_WHAT YOU ARE ASKED TO DO_: I'd ask you to write out the lines below exactly, with no images.

_AVAILABLE DATA_:
#####

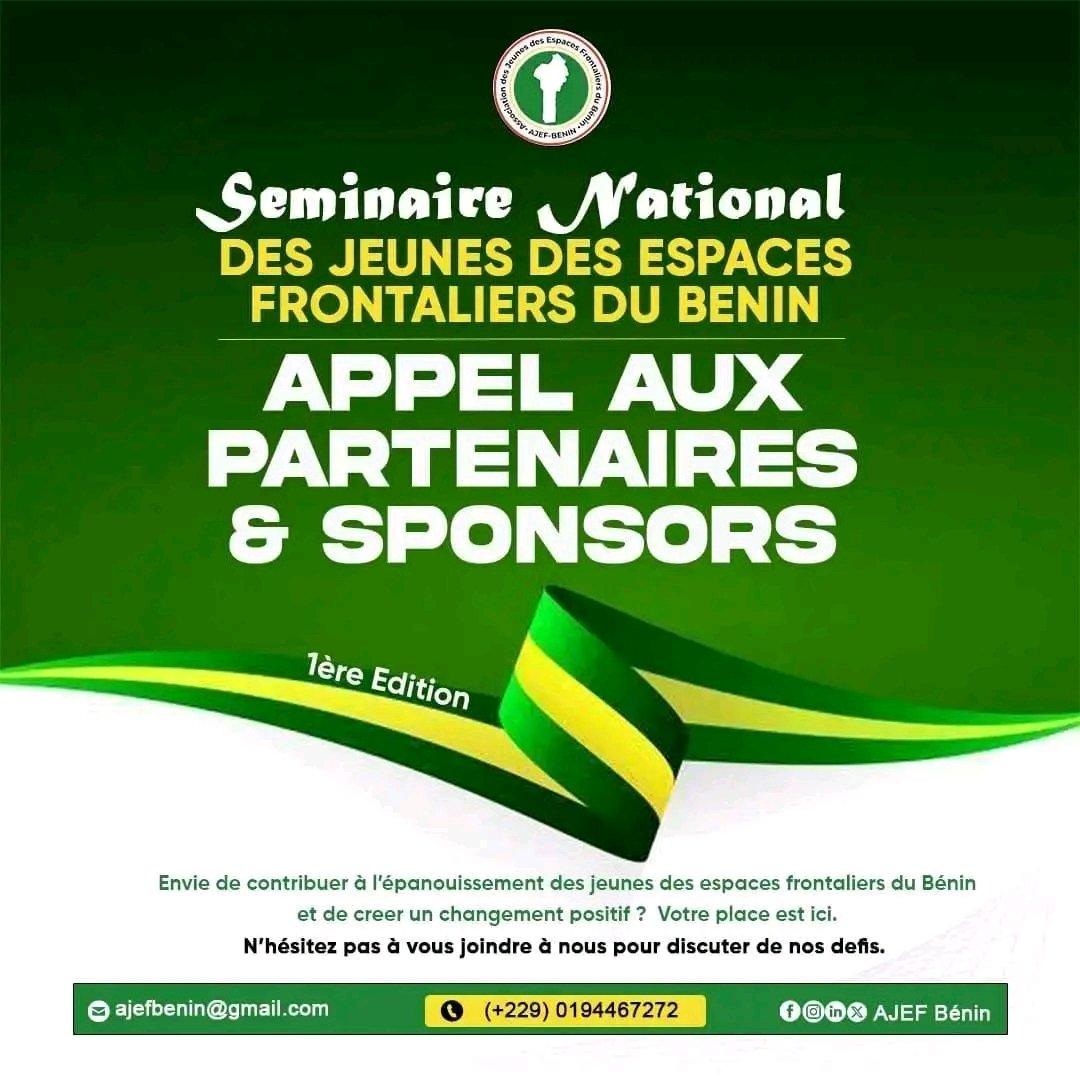 AJEFBenin's tweet photo. Les jeunes des 36 communes frontalières du Bénin se réuniront lors du séminaire national des jeunes des espaces frontaliers en septembre prochain, une initiative portée par l'AJEF Bénin.
Êtes-vous un expert en paix et sécurité ?  
Pour un partenariat  :  https://t.co/Jz3u2m8oJ8 https://t.co/BJejt8Dtxx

#####

_SOLUTION FOR THIS TASK_:
 AJEFBenin's tweet photo. Les jeunes des 36 communes frontalières du Bénin se réuniront lors du séminaire national des jeunes des espaces frontaliers en septembre prochain, une initiative portée par l'AJEF Bénin.
Êtes-vous un expert en paix et sécurité ?  
Pour un partenariat  :  https://t.co/Jz3u2m8oJ8 https://t.co/BJejt8Dtxx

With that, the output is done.